The distortion indiscretion aside, Chad admired Commander, as did I.  Commander was admired by everyone who met him.  We all loved him, even his boss who simultaneous would coach us to be more like Commander, but don't do what he does because only he can do it.  Commander had an irreverence that came with not giving one lickety-shit about his job.  He just didn't care if he worked at Z100, and was frankly and openly sick of it.

***

Just as Commander wasn't his given name, it wasn't his radio name either, at first. He tried out several monikers, at one point settling on Englebert Humperdick, a variation on the one-hit-wonder oldies artist.  That lasted about two hours into a six hour shift, when he was called by our boss, the station Program Director, who reigned him in a bit and told him to lose the new name.

He was christened Commander by none other than Old Fat Dad, the locally famous oldies station deejay well-known in the halls of the Z100 and KYLT radio stations.  Fats, obviously, has quite a name himself and was the perfect person to anoint Scott.

Fats used to have to call Scott at home, to arrange times for him to fill-in for ailing full-time jocks and such.  During these calls, Scott was usually attending class at the University, a life-long task to this point.  Fats would leave a message, but only after having to sit through a thirty second audio clip taken from an episode of Star Trek, in lieu of the standard message requesting the caller to leave a message.  The clips would change frequently, but they always had something to do with a commander or captain, and that's what Fats started calling him.

***

I knew Commander for awhile, then didn't.  Before I knew him as more than someone who couldn't stand my barrage of questions about radio and music any more than the other jocks, he up and quit.  I didn't hear of or see of him for months, maybe a year or more.
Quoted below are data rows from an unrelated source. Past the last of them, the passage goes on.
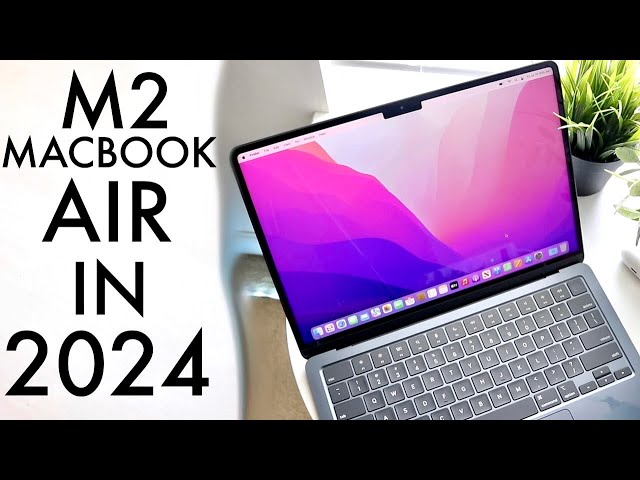 M2 MacBook Air In 2024! (Still Worth Buying?) (Review)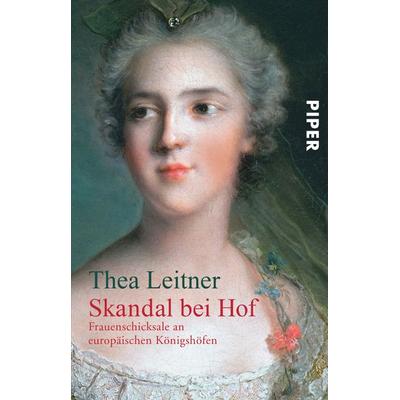 Skandal bei Hof, Taschenbuch von Thea Leitner, Piper Taschenbuch, 978-3-492-22009-5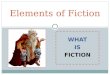 WHAT IS FICTION Elements of Fiction. Fiction Fiction = “make believe” or “not true” stories Fiction can have some true facts, events, or people though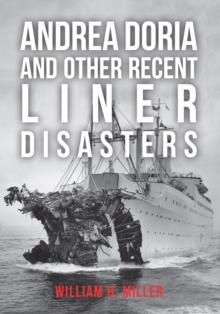 Image for Andrea Doria and other recent liner disasters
I graduated from the University, quit Z100, moved to Las Vegas, then to Arizona, before being called back to work full-time for the stations.

At that time, recently back in Missoula, I was at a bar with a couple of friends, tipping some beers, trying to look more bored than I was, a theory for winning girls that seemed to work for the better looking guys, but consistently failed me.  Commander strode in wearing his black leather jacket, army boots and otherwise old and faded and well-worn clothing.  He picked up his free beer at the bar and tipped the bartender handsomely, ensuring more free beer to follow.  I yelled Hello at him.

That moment would change my life.  Even though he didn't know me enough to probably even remember my name, he grinned broadly, walked over and said hello.  He said HELLO, as only Commander could say it.  His voice boomed from every corner of the small barroom, over the stereo, over the chatter, over the televisions recapping the day's sports.

It was a greeting that I would witness time and time again.  I relived it every time he saw someone he knew, whether he knew them well or had met them a year before working at a radio station.  Commander had a knack for friendliness.  I've never known him to shy away from a conversation and I've never known anyone to not like Commander.  I can't think of a single thing I've ever heard anyone say about Commander that wasn't at least flattering.  He's that kind of guy.

My first year in college I went to a party my English Composition instructor invited the class to attend.  In hindsight, he was probably only inviting the female members of the freshman course, but he made the invitation and I accepted by way of attending.

At this party, Halloween 1990, my first party in college, I met a creepy, weird red-bearded red-headed Irish looking fellow wearing a dress.  Not a kilt, a dress.  It was Halloween and I didn't think much of it, even after being cornered and holding a "conversation" with this stoned and drunk man for twenty minutes.

I saw the bearded red-headed man -- he always wore a dress, turns out he hadn't dressed up for Halloween -- many times over the next few years, and I always avoided him, based on those first twenty minutes which were based on the first sight of him.  It was to my shock that one day, hanging out in our favorite bar, Commander and I ran into this man and Commander greeted him as he'd before greeted me, shaking his hand as though he were a long lost relative.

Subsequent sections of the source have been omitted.